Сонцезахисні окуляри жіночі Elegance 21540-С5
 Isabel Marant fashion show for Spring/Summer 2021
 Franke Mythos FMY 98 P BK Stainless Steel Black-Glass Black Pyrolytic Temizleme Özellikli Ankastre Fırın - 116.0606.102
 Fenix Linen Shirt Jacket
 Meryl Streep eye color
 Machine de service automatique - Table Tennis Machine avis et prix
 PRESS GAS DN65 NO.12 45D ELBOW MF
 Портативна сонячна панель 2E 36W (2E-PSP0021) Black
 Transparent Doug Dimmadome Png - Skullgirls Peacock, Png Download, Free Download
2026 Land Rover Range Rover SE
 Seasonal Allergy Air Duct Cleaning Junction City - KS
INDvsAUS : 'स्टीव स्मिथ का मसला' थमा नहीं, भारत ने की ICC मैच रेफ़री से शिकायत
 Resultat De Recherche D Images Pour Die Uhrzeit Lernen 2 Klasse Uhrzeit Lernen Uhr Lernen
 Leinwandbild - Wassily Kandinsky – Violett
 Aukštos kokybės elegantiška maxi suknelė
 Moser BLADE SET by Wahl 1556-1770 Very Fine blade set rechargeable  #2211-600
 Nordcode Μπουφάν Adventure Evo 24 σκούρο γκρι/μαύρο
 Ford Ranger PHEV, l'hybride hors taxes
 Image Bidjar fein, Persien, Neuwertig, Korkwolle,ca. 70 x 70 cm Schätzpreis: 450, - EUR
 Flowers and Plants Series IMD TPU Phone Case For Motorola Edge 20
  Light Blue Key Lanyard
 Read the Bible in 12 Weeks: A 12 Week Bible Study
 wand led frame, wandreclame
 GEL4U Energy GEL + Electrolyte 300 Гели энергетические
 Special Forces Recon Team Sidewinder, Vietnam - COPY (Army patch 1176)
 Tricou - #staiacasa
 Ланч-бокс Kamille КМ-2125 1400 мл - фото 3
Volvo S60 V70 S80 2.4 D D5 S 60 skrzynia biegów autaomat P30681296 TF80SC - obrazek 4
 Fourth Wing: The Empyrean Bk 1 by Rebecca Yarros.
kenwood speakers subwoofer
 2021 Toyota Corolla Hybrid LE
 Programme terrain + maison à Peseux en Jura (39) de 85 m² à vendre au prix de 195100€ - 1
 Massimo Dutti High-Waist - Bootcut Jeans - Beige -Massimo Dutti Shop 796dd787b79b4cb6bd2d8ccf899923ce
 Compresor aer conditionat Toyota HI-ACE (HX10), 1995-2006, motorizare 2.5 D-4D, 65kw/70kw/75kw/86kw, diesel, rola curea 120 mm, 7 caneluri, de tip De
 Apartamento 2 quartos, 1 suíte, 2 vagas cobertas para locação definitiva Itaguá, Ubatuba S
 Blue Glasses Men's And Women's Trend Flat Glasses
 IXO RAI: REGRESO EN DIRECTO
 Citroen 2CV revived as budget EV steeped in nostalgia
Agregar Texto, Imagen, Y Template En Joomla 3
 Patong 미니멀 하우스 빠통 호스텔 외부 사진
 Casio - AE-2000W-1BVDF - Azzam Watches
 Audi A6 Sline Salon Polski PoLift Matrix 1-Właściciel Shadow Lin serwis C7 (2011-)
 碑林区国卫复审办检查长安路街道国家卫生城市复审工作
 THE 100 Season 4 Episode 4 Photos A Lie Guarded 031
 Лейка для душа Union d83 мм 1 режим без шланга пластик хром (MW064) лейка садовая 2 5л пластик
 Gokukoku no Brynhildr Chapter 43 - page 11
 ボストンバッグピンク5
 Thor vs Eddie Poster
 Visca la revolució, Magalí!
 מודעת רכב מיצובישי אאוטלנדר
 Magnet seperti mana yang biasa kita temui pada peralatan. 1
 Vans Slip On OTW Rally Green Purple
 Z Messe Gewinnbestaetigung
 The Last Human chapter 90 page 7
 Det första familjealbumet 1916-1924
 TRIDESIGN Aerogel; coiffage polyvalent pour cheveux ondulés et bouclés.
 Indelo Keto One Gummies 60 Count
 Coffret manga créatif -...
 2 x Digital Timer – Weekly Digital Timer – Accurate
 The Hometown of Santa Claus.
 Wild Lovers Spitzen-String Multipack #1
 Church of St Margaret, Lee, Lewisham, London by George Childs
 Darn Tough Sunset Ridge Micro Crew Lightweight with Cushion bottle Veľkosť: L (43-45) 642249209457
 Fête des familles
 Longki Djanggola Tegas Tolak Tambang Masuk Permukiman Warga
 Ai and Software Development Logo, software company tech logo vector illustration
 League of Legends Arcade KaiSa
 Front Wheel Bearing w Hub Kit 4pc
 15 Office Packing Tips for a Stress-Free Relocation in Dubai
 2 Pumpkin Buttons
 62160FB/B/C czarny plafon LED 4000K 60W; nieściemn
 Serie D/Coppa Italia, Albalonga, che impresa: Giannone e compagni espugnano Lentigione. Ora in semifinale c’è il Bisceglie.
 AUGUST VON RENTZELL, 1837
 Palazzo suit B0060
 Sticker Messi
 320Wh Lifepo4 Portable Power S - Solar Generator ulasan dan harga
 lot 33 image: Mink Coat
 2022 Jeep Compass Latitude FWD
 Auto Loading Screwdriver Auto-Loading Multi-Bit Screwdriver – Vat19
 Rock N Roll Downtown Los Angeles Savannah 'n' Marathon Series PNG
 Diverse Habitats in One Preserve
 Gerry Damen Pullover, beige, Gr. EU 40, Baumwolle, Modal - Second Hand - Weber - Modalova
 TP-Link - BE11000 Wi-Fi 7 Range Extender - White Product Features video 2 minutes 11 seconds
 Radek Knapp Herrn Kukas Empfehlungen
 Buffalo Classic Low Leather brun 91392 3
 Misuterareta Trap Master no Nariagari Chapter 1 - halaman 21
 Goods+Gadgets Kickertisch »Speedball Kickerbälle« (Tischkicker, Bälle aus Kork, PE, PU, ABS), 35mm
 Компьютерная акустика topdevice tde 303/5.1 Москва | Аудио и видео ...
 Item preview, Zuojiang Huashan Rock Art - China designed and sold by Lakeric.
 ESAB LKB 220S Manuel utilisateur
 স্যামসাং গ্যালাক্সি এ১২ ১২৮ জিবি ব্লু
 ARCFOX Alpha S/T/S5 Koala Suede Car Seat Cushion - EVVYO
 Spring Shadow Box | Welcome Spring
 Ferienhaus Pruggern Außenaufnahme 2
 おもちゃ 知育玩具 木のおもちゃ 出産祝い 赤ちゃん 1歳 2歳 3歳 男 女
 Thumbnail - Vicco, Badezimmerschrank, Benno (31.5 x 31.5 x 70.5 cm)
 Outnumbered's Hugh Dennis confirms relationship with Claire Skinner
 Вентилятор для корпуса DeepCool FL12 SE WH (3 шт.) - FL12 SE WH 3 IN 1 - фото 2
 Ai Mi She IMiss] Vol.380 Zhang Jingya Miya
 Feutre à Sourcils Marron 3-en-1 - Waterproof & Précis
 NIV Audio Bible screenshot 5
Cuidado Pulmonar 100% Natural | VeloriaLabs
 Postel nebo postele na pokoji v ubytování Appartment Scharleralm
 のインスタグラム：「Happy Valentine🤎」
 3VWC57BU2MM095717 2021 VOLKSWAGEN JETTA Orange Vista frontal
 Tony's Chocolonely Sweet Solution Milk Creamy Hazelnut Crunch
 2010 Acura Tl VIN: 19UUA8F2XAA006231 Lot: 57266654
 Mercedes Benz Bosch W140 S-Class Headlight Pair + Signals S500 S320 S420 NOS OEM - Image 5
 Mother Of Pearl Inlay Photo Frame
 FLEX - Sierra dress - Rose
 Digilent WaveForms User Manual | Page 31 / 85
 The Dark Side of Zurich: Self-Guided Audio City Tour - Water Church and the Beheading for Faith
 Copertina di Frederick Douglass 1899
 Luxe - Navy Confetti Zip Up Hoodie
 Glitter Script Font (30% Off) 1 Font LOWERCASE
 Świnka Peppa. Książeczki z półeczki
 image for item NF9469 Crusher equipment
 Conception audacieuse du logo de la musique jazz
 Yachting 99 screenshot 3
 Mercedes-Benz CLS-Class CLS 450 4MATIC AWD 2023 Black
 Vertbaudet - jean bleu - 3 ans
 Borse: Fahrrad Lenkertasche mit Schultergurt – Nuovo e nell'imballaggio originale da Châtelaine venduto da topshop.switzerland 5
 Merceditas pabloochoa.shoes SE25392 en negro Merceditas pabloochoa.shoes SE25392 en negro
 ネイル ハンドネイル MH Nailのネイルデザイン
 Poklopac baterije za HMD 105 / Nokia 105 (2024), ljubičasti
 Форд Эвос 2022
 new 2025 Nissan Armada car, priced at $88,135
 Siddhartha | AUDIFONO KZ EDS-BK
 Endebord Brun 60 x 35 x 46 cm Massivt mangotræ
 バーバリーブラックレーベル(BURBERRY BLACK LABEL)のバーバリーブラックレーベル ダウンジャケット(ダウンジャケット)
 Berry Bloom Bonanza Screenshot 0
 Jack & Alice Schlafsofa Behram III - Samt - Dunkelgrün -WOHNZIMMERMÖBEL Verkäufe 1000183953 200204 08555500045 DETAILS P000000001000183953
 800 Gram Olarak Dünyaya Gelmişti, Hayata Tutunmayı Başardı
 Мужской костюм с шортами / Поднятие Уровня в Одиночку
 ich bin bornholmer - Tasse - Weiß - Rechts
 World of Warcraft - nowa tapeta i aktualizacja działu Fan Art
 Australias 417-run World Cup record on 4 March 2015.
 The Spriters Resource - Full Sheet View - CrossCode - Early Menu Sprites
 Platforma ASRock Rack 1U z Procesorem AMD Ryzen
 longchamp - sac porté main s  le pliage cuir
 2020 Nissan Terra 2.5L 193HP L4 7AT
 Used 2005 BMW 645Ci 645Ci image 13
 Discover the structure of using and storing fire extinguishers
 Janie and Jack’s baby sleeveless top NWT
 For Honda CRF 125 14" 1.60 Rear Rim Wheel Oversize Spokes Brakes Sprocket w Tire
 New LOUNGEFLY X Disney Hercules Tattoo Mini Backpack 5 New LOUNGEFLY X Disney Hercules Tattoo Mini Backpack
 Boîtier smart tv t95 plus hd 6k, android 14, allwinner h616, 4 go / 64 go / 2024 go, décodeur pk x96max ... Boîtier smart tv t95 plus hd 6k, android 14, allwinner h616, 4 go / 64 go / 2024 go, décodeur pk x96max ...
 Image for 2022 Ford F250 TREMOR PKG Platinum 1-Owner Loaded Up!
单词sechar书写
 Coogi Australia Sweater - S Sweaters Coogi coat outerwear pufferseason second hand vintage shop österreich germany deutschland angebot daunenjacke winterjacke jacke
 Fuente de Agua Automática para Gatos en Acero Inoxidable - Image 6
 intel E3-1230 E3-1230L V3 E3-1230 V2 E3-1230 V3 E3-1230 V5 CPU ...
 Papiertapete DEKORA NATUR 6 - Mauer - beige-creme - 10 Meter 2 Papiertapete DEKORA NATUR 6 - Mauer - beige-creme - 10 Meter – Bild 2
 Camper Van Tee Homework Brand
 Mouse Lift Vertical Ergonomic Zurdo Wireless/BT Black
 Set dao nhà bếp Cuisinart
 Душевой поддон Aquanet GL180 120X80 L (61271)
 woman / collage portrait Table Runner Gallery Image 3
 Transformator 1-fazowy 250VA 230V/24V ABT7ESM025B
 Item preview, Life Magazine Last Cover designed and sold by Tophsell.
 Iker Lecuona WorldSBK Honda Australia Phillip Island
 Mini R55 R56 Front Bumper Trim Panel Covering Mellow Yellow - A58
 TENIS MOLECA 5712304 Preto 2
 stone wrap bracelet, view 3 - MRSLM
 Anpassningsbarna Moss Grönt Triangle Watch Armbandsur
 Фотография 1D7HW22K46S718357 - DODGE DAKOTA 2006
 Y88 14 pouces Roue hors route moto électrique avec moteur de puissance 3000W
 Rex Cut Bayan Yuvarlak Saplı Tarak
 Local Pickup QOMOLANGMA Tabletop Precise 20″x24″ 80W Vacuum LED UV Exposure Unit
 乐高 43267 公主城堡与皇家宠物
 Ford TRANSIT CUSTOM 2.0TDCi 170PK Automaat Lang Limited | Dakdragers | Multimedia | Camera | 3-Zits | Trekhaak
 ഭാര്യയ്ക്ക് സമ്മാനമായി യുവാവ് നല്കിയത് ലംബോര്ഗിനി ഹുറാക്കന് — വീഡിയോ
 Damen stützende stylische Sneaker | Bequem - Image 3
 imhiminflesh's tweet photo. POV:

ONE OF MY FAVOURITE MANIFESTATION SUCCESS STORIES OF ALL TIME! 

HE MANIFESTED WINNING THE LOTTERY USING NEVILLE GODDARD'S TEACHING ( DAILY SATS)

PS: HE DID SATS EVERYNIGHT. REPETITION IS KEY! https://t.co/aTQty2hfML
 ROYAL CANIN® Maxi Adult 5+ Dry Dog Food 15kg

※

# What is expected
Please make an exact copy of the lines above from the line with "320Wh Lifepo4 Portable" through the line with "ESAB LKB 220S Manuel utilisateur", both ends included.

# Answer space
 320Wh Lifepo4 Portable Power S - Solar Generator ulasan dan harga
 lot 33 image: Mink Coat
 2022 Jeep Compass Latitude FWD
 Auto Loading Screwdriver Auto-Loading Multi-Bit Screwdriver – Vat19
 Rock N Roll Downtown Los Angeles Savannah 'n' Marathon Series PNG
 Diverse Habitats in One Preserve
 Gerry Damen Pullover, beige, Gr. EU 40, Baumwolle, Modal - Second Hand - Weber - Modalova
 TP-Link - BE11000 Wi-Fi 7 Range Extender - White Product Features video 2 minutes 11 seconds
 Radek Knapp Herrn Kukas Empfehlungen
 Buffalo Classic Low Leather brun 91392 3
 Misuterareta Trap Master no Nariagari Chapter 1 - halaman 21
 Goods+Gadgets Kickertisch »Speedball Kickerbälle« (Tischkicker, Bälle aus Kork, PE, PU, ABS), 35mm
 Компьютерная акустика topdevice tde 303/5.1 Москва | Аудио и видео ...
 Item preview, Zuojiang Huashan Rock Art - China designed and sold by Lakeric.
 ESAB LKB 220S Manuel utilisateur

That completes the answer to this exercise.